Tides of change within Religious Education: where has it been, what is it doing and where’s it going?
In our March meeting, we had a talk by John Holroyd, who was Head of Religious Studies & Philosophy at St Dunstan’s College in southeast London for over twenty years, before teaching at the London School of Philosophy. He is currently writing a book entitled ‘Judging Religion’. Some of his views about religion can be found in his article ‘Between Dawkins and God’ published in Philosophy Now Magazine: Issue 86.
This is a full transcript of John’s talk:
IN THE BEGINNING WAS RELIGIOUS INSTRUCTION
Until the 1970s at least much Religious Instruction as it was known in the U.K. was confessional in character. This reflected the state of the nation in which many teachers of religion were in their posts for confessional reasons among others. One of my most memorable experiences of this was on an INSET course in my first couple of years of teaching in the late 1980s. A teacher sat next to me at the evening meal having asked where I was from continued to enquire about what church I attended. When I made it clear that I didn’t attend a church, that I was not a Christian, that I didn’t actually believe in God, this was clearly deeply shocking. A little later I overheard her say ‘and that guy over there told me he doesn’t believe in God and he teaches R.E. But by the time I came into teaching in some areas at least things were changing somewhat. I remember a survey about ILEA R.E. teachers in the late 80s that revealed that over 40% were non-Christian.
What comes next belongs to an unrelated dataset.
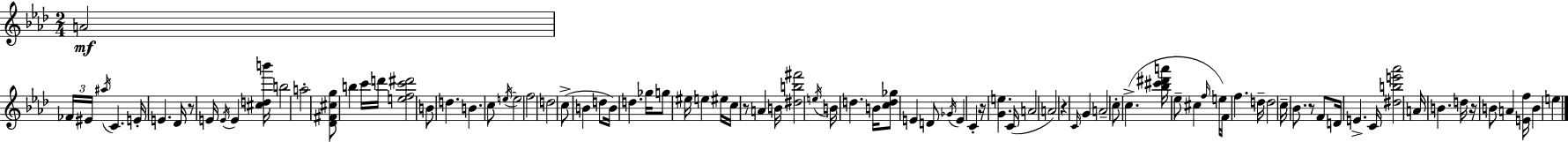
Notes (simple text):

A4/h FES4/s EIS4/s A#5/s C4/q. E4/s E4/q. Db4/s R/e E4/s E4/s E4/q [C#5,D5,B6]/s B5/h A5/h [Db4,F#4,C#5,G5]/e B5/q C6/s D6/s [E5,F5,C6,D#6]/h B4/e D5/q. B4/q. C5/e E5/s E5/h F5/h D5/h C5/e B4/q D5/e B4/s D5/q. Gb5/s G5/e EIS5/s E5/q EIS5/s C5/s R/e A4/q B4/s [D#5,B5,F#6]/h E5/s B4/s D5/q. B4/s [C5,D5,Gb5]/e E4/q D4/e Gb4/s E4/q C4/q R/s [G4,E5]/q. C4/s A4/h A4/h R/q C4/s G4/q A4/h C5/e C5/q. [Bb5,C#6,D#6,A6]/s Eb5/e C#5/q F5/s E5/s F4/s F5/q. D5/s D5/h C5/s Bb4/e. R/e F4/e D4/s E4/q. C4/s [D#5,B5,E6,Ab6]/h A4/s B4/q. D5/s R/s B4/e A4/q [E4,F5]/s B4/q E5/q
Things began to change with the publication of Edwin Cox’s Changing Aims in Religious Education (1968) and Ninian Smart’s ‘Secular Education and the Logic of Religion’ (1968). The teaching of Religious Education as it was becoming known became more about the teaching of the phenomena of religion. Smart, pioneered Religious Studies as an academic discipline distinct from Theology and quite opposed to orientalist perspectives that viewed the religions of Hinduism and Islam for example as the musings of rather inferior peoples who needed properly educating in Christian truth. Smart by contrast advanced a neutral approach to the study of religion in which both scholar and school pupil were to suspend their prejudices, backgrounds and beliefs in the study of religion in search of understanding. Having thus bracketed out bias, the student was then encouraged to enter into the life-world of a faith through the use of the sympathetic imagination. A range of techniques were to be used to achieve this result and this to my mind is still at the heart of some of the best Religious Education today. Rather than ask a straightforward question like why do you think Muslims wash before they pray, a teacher might tell pupils to imagine they are going to meet someone very important, more important than anyone they had ever met, how might they prepare for that? They might follow up this question with the question if there was a god how would you prepare to meet him? Then the question is added Why do you think Muslims wash before they pray? In this way the student can begin to enter into the life world of a believer and gain something of an understanding beyond the boundaries of belief and culture.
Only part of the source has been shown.